While unrelated, Starbucks is the second high-profile entry that has run into issues with definitions of whether minority stakeholders are Indian or foreign. The government has also held up Vodafone Group Plc.’s purchase of a majority stake in Hutchison Essar Ltd over questions involving stakes held by Indian investors that it considers as foreign holdings.
Indian regulations currently allow 51% overseas ownership in single-brand retailing, the route opted for by Starbucks to enter India. In December, Starbucks filed for approval from the Foreign Investment Promotion Board (FIPB) in partnership with New Horizons Retail Pvt.
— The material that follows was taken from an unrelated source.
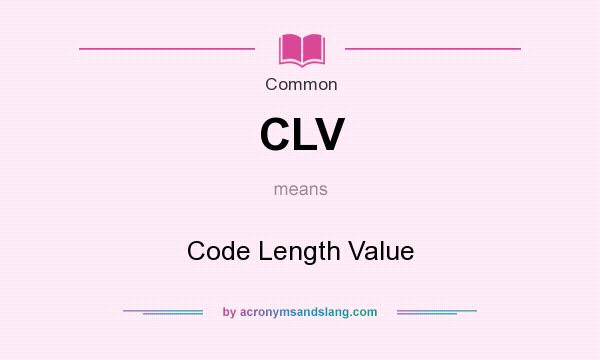 What does CLV mean? It stands for Code Length Value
Ltd, a company co-owned by the US coffee chain’s Indonesian franchisee V.P. Sharma and Future Group’s Kishore Biyani, India’s top retail firm.
“We understand from their legal representative that now they are restructuring the proposal,’’ said an official at the ministry of commerce and industry who did not wish to be identified, but is aware of the situation. “Because the earlier partner they have chosen happens to be an NRI (non-resident Indian) and under Indian Fema (Foreign Exchange Management Act) laws we treat NRI investment as foreign investment and not domestic.”
The ministry official said Jakarta-based Sharma is an NRI. However, it was unclear whether Starbucks’ new application will include Sharma as a partner as whatever stake Sharma will hold in the venture will represent the overseas holding limit. A representative for Sharma as well as Biyani declined to comment.
Starbucks has applied to open coffee chains and retail outlets for its products, including the company’s espresso machines and branded packed coffee. According to the December application, Starbucks will initially hold 18% of the stake in that business, which will later be later scaled up to the permissible foreign ownership limit of 51%.